The existing courthouse building was built in 1954 to accommodate five courts serving a small, rural community with a population of 168,000. Today, there are 24 courts serving a population nearing 1 million residents.

The new courthouse, which is expected to break ground in 2018, will serve Hidalgo County into the next century. The building will be funded without the need to increase taxes to Hidalgo County residents. In December, the City of Edinburg pledged $30 million towards the project and the county received $20 million from the Texas Department of Transportation to address drainage at Courthouse Square and the surrounding area, including the UTRGV campus and about $150 million worth of commercial and residential property.

Update on Health and Human Services activities

Eduardo “Eddie” Olivarez, the chief administrative officer for Health and Human Services, updated Commissioners Court on several projects including announcing the 5th annual South Texas All Hazards Conference.
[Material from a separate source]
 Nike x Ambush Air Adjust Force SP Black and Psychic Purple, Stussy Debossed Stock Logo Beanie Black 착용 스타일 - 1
The county’s conference, which focuses on responding to all types of hazards, from hurricanes to diseases, is the second largest such conference in the state. Last year’s conference had over 3,000 attendees and this year organizers expect more than 4,000 participants, said Olivarez.
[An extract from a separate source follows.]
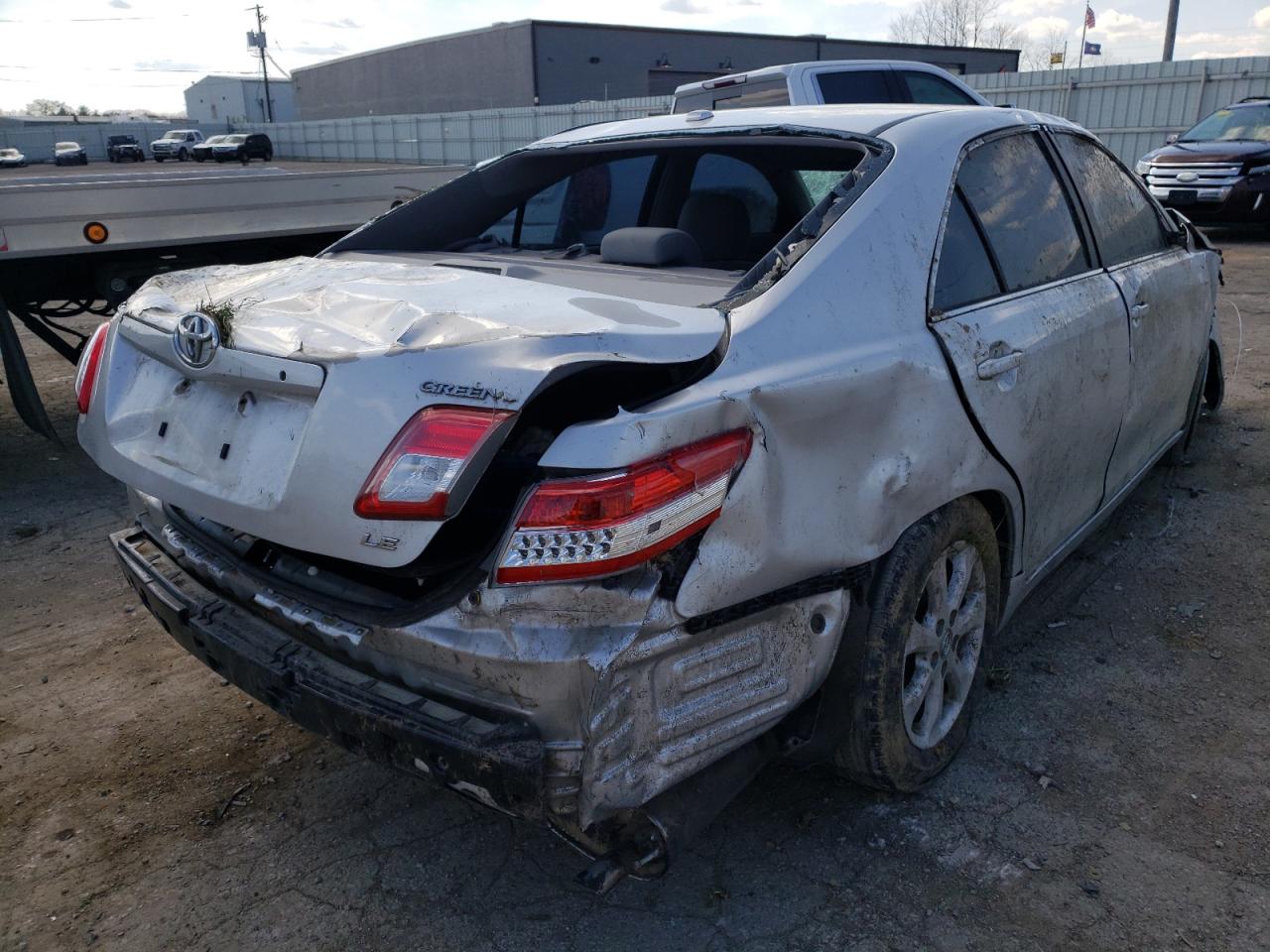 Photo 4 from auction – 2011 TOYOTA CAMRY BASE with VIN 4T1BF3EK1BU769794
The conference is primarily funded by the Department of State Health Services and Olivarez was at Court seeking approval to submit a request for $80,000 to fund this year’s conference. The conference, which will be held March 22 and 23 at the McAllen Convention Center, is organized by Hidalgo County Health and Human Services Department, City of McAllen, the county’s Office of Emergency Management, and Texas Department of Emergency Management.

Olivarez reported on efforts the county is conducting regarding the Zika virus, including surveillance, prevention and intervention.

“Zika is here and it’s going to get a lot worse before it gets better,” Olivarez said.

The county’s health department has tested 254 people for the virus. Of those, 13 tested positive, six are local residents who contracted the virus while traveling outside the area and seven are people from other countries who now reside in Hidalgo County, Olivarez said.

He also spoke about efforts to provide outpatient care to low income residents who fall above the Indigent Care guidelines. Currently in the planning stages, the program would target residents who fall between 21- and 25-percent of the federal poverty rate. Olivarez stressed to the audience that funding for the program will not require a tax increase.

Hidalgo County opposes state changes to current statutes related to court records

The Hidalgo County Commissioners Court recognizes that the Texas Office of Court Administration (OCA), under The Supreme Court of Texas's direction, has created re:SearchTX, a web portal to allow judges secure access to a consolidated database of case information that has been e-Filed.

The sole purpose of the e-File system developed by the OCA was to provide a delivery system for attorneys to file documents electronically to the courts and that the information would only be retained for thirty days.

The OCA is now retaining information filed within the e-File system and plans to make it available to attorneys and the public (for a fee) through re:SearchTX in the near future.

District Clerk Laura Hinojosa, in conjunction with County Clerk Arturo Guajardo, Jr. placed the resolution on the agenda in their duties as designated custodians of court records, responsible for the management, preservation and access of those records.

"It is in the best interest of Hidalgo County and our taxpayers to oppose any change to current statutes regarding care, custody and control of records held by the county and district clerks," reads the resolution.

"We are opposed to the amendment and/or repeal of any current statutes or rules that authorize local control by commissioners court in the administration of our duties concerning records held by the county and district clerk or how the county chooses to offer those records to the public."

Contract for new elections equipment on hold

Elections Administrator Yvonne Ramon encouraged Commissioners Court to accept a quote for new electronic voting machines from HART Intercivic, the vendor awarded through the BuyBoard Cooperative in the amount of $5,491,500.

“We have held various public demonstrations for the community, county officials and staff, and our elections personnel,” Ramon said, adding that much thought, effort and research had gone into the selection process for new elections equipment.

Commissioners Court voted unanimously to hold off on taking action for one month to allow time to look into other options and to see if state efforts will result in being able to purchase the equipment at a lower cost.